Curvature of the Bergman Metric

Abstract

We begin with a little introductory material on the scaling method. Then we use these ideas to discuss Klembeck’s theorem about the boundary asymptotics of the curvature of the Bergman metric on a strictly pseudoconvex domain.

APPENDIX: Scaling in Dimension One

7.1.1 The Scaling of the Unit Disc

Let D be the open unit disc in the complex plane \(\mathbb{C}\). Choose a sequence a _j in D satisfying the conditions

$$\displaystyle{0 < a_{j} < a_{j+1} < \cdots < 1,\ \forall j = 1,2,\ldots,}$$

and

$$\displaystyle{\lim _{j\rightarrow \infty }a_{j} = 1.}$$

Consider the sequence of dilations

$$\displaystyle{L_{j}(z) = \frac{1} {1 - a_{j}}(z - 1).}$$

Let us write \(\lambda _{j} = 1 - a_{j}\). Then one sees immediately that

$$\displaystyle\begin{array}{rcl} L_{j}(D)& =& \{\zeta \in \mathbb{C}\mid (1 +\lambda _{j}\zeta )(1 +\lambda _{j}\bar{\zeta }) < 1\} {}\\ & =& \{\zeta \in \mathbb{C}\mid 2\ Re\,\zeta < -\lambda _{j}\vert \zeta {\vert }^{2}\}\,. {}\\ \end{array}$$

It follows that the sequence of sets L _j (D) converges to the left half plane \(H =\{\zeta \in \mathbb{C}\mid Re\,\zeta < 0\}\) in the sense that

$$\displaystyle{L_{j}(D) \subset L_{j+1}(D),\ \forall j = 1,2,\ldots,}$$

and

$$\displaystyle{\bigcup _{j=1}^{\infty }L_{ j}(D) = H.}$$

[Compare the concept of convergence in the Hausdorff metric on sets—see [FED].]

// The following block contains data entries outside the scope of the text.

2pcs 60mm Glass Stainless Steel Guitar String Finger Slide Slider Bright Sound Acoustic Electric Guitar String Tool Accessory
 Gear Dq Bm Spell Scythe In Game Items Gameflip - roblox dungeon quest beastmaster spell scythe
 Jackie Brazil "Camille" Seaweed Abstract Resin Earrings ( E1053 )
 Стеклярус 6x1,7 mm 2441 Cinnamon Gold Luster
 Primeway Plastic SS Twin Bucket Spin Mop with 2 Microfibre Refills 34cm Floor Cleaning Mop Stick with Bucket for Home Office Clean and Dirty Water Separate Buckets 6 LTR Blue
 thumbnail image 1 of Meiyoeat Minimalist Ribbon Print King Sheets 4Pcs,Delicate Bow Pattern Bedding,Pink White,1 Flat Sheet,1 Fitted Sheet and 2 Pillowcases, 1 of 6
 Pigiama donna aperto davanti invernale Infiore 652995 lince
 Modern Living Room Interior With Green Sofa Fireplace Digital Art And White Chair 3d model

Now we combine this simple observation with the fact that there exists the sequence of maps

$$\displaystyle{\varphi _{j}(z) = \frac{z + a_{j}} {1 + a_{j}z}}$$

that are automorphisms of D satisfying \(\varphi _{j}(0) = a_{j}\). Consider the sequence of composite maps

$$\displaystyle{\sigma _{j} \equiv L_{j} \circ \varphi _{j}: D \rightarrow \mathbb{C}.}$$

A direct computation yields that

$$\displaystyle\begin{array}{rcl} L_{j} \circ \varphi _{j}(z)& =& \frac{1} {1 - a_{j}}\left ( \frac{z + a_{j}} {1 + a_{j}z} - 1\right ) {}\\ & =& \frac{z - 1} {1 + a_{j}z}. {}\\ \end{array}$$

Hence, in fact we see that the sequence of holomorphic mappings \(L_{j} \circ \varphi _{j}\) converges uniformly on compact subsets of D to the mapping

$$\displaystyle{\hat{\sigma }(z) = \frac{z - 1} {z + 1}}$$

that is a biholomorphic mapping from the open unit disc D onto the left half plane H. (We have in effect discovered here a means to see the Cayley map by way of scaling.)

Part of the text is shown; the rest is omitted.